Problem details: Pictures appear among the records below and must be omitted. Repeat exactly the lines from the line with "Building Photo - 5670 Matthew Dr" to the line with "Building Photo - Well", both included.

Records for the task:
=== Section Start ===

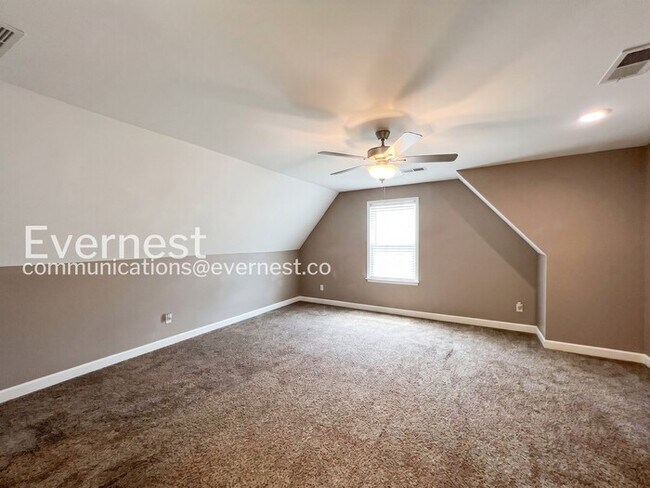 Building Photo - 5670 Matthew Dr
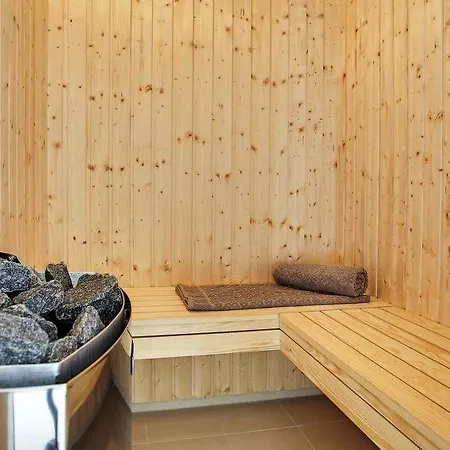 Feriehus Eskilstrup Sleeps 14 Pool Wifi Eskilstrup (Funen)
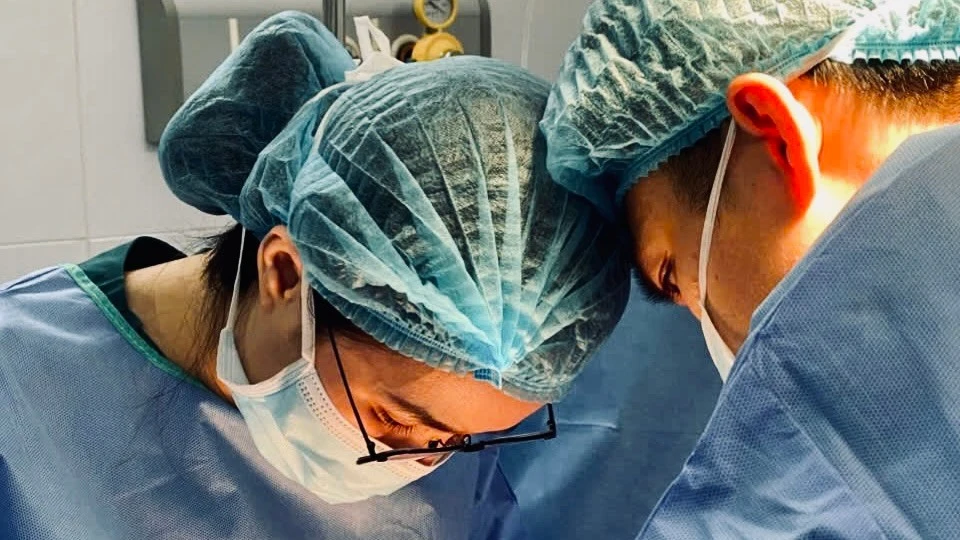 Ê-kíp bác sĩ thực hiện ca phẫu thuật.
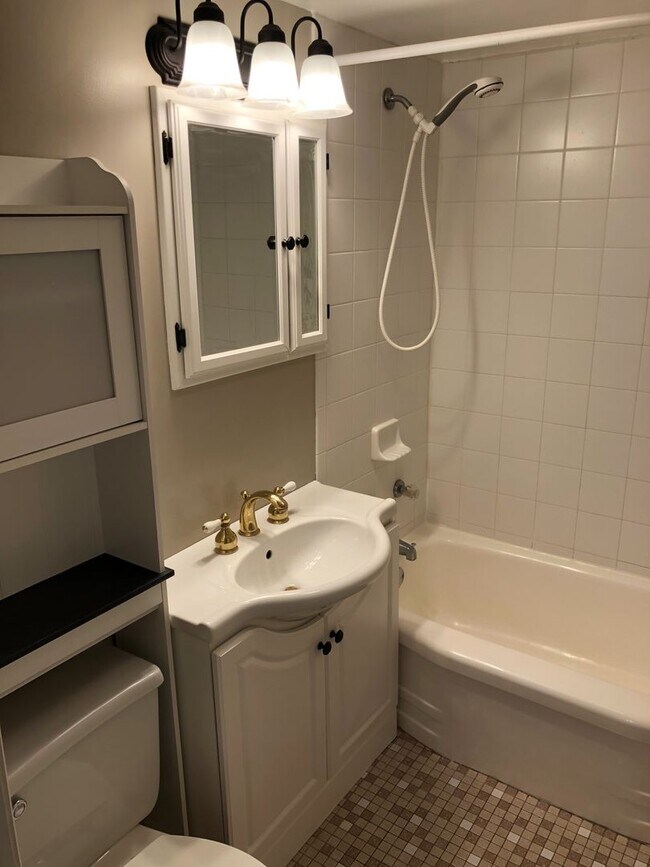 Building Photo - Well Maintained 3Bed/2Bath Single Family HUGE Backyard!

=== Section End ===
=== Section Start ===

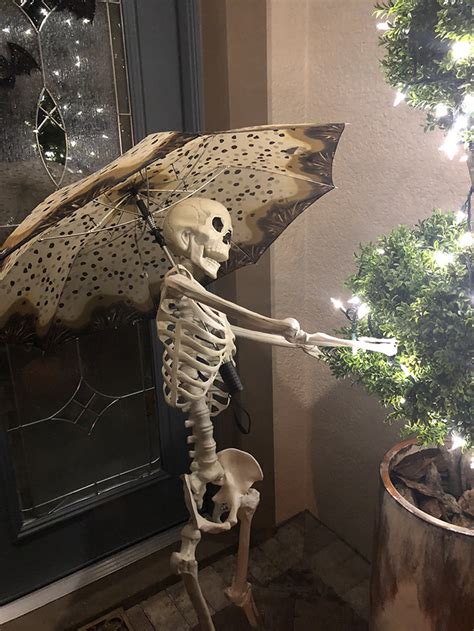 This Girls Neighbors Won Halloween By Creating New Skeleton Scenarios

=== Section End ===

Task answer:
 Building Photo - 5670 Matthew Dr
 Feriehus Eskilstrup Sleeps 14 Pool Wifi Eskilstrup (Funen)
 Ê-kíp bác sĩ thực hiện ca phẫu thuật.
 Building Photo - Well Maintained 3Bed/2Bath Single Family HUGE Backyard!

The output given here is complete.